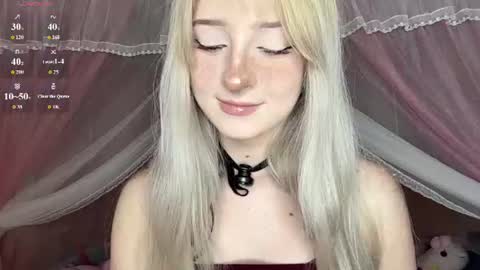 Snapshot of onlyeva1 chatting on 11, 7, 2026 Eva online show from 11, 7, 2026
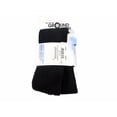 thumbnail image 3 of Pack of 3 L'eggs Smooth and Comfortable Fashion Tights Size M Black, 3 of 4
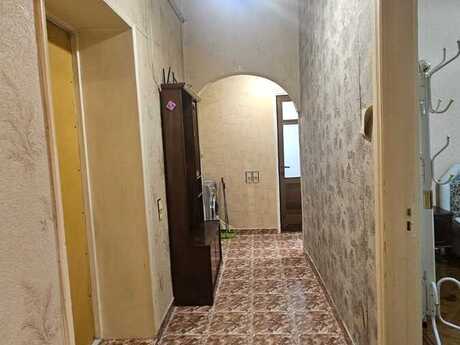 Yasamalda 2 otaqlı köhnə tikili mənzil kirayə verilir, 60 m², 600 AZN/ay, şəkil 4 / 11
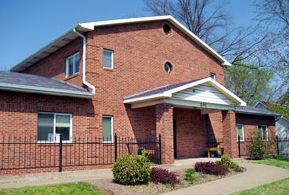 Family Counseling Center of Missouri McCambridge Center in Columbia MO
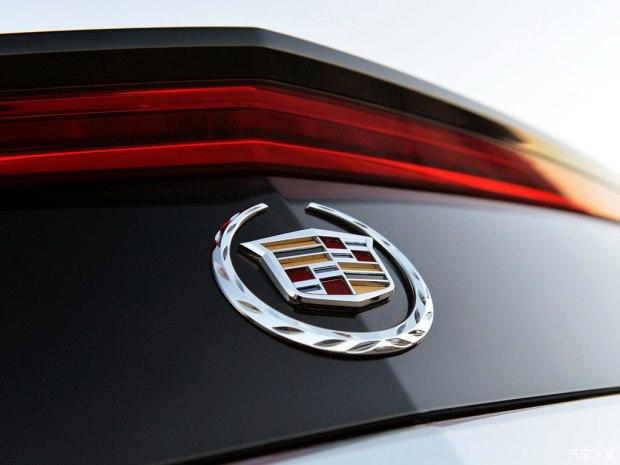 凯迪拉克(进口) 凯迪拉克ELR 2014款 基本型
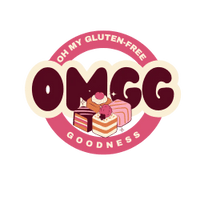O.M.G.G.- Oh My Gluten free Goodness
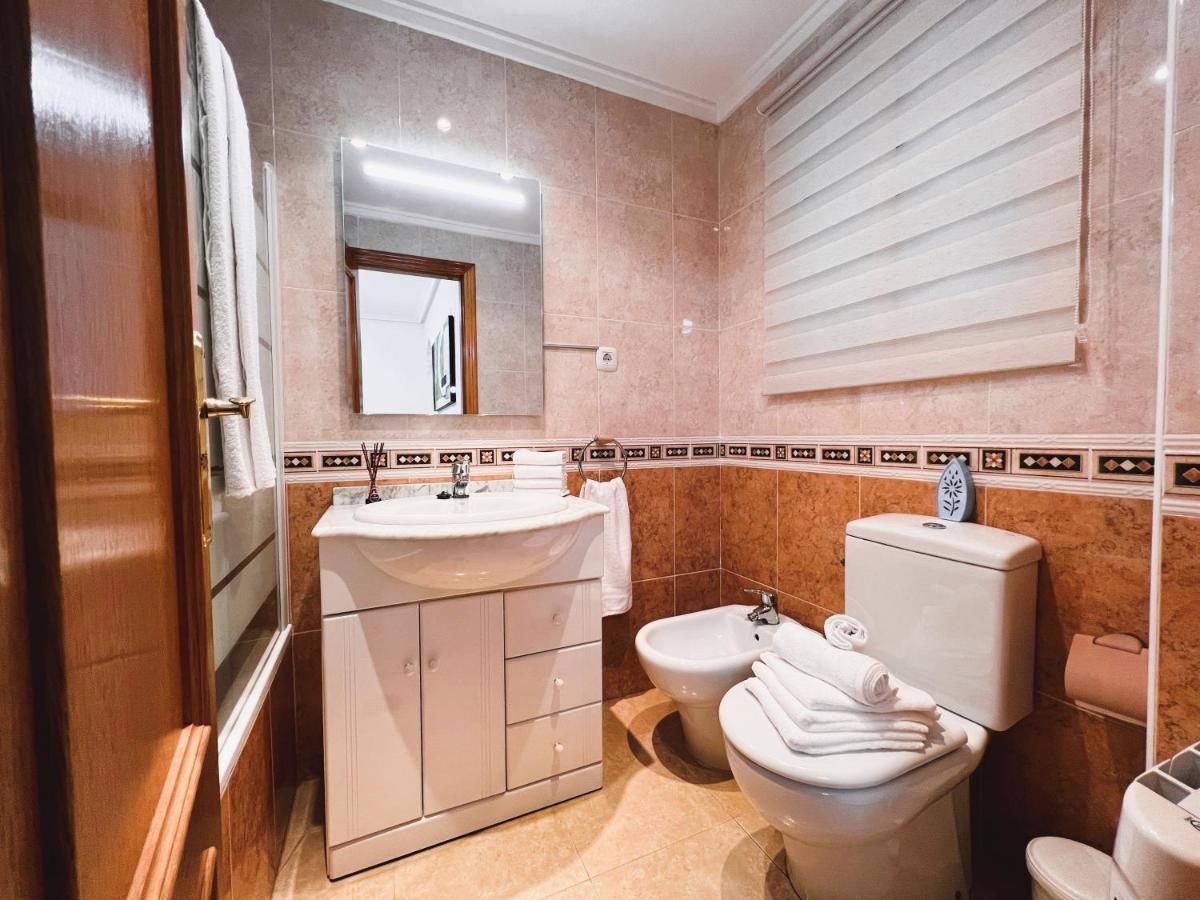 Holiday Suite Fragata Τορεβιέχα Εξωτερικό φωτογραφία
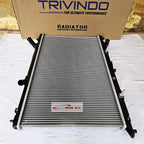 Radiator Assy Masda Mazda Biante Non Skyactiv Matic TRIVINDO TR-86212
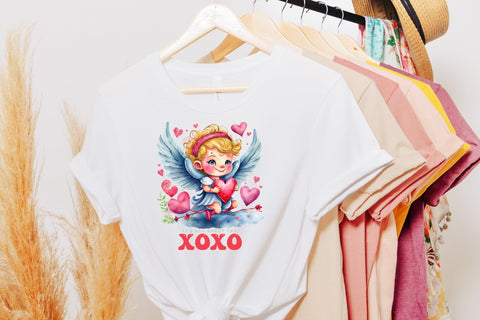 It's All About the XoXo PNG Sublimation Sublimation CraftLabSVG 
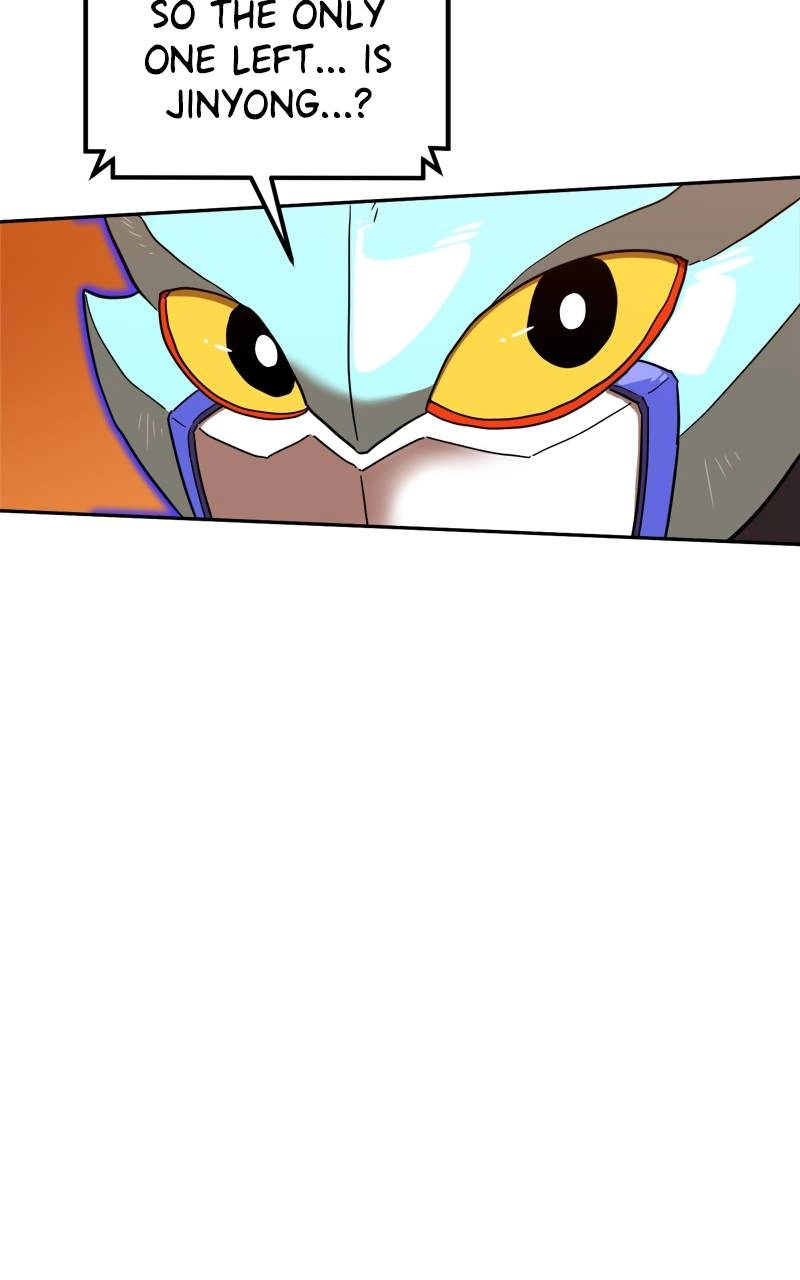 Double Click Chapter 124 - Page 35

• AIM OF THE TASK: Begin with the line that has "凯迪拉克(进口) 凯迪拉克ELR 2014款 基本型" and continue to the last line of the entries, printing each line exactly and nothing else; include both ends and skip the pictures.

• REPLY:
 凯迪拉克(进口) 凯迪拉克ELR 2014款 基本型
O.M.G.G.- Oh My Gluten free Goodness
 Holiday Suite Fragata Τορεβιέχα Εξωτερικό φωτογραφία
 Radiator Assy Masda Mazda Biante Non Skyactiv Matic TRIVINDO TR-86212
 It's All About the XoXo PNG Sublimation Sublimation CraftLabSVG 
 Double Click Chapter 124 - Page 35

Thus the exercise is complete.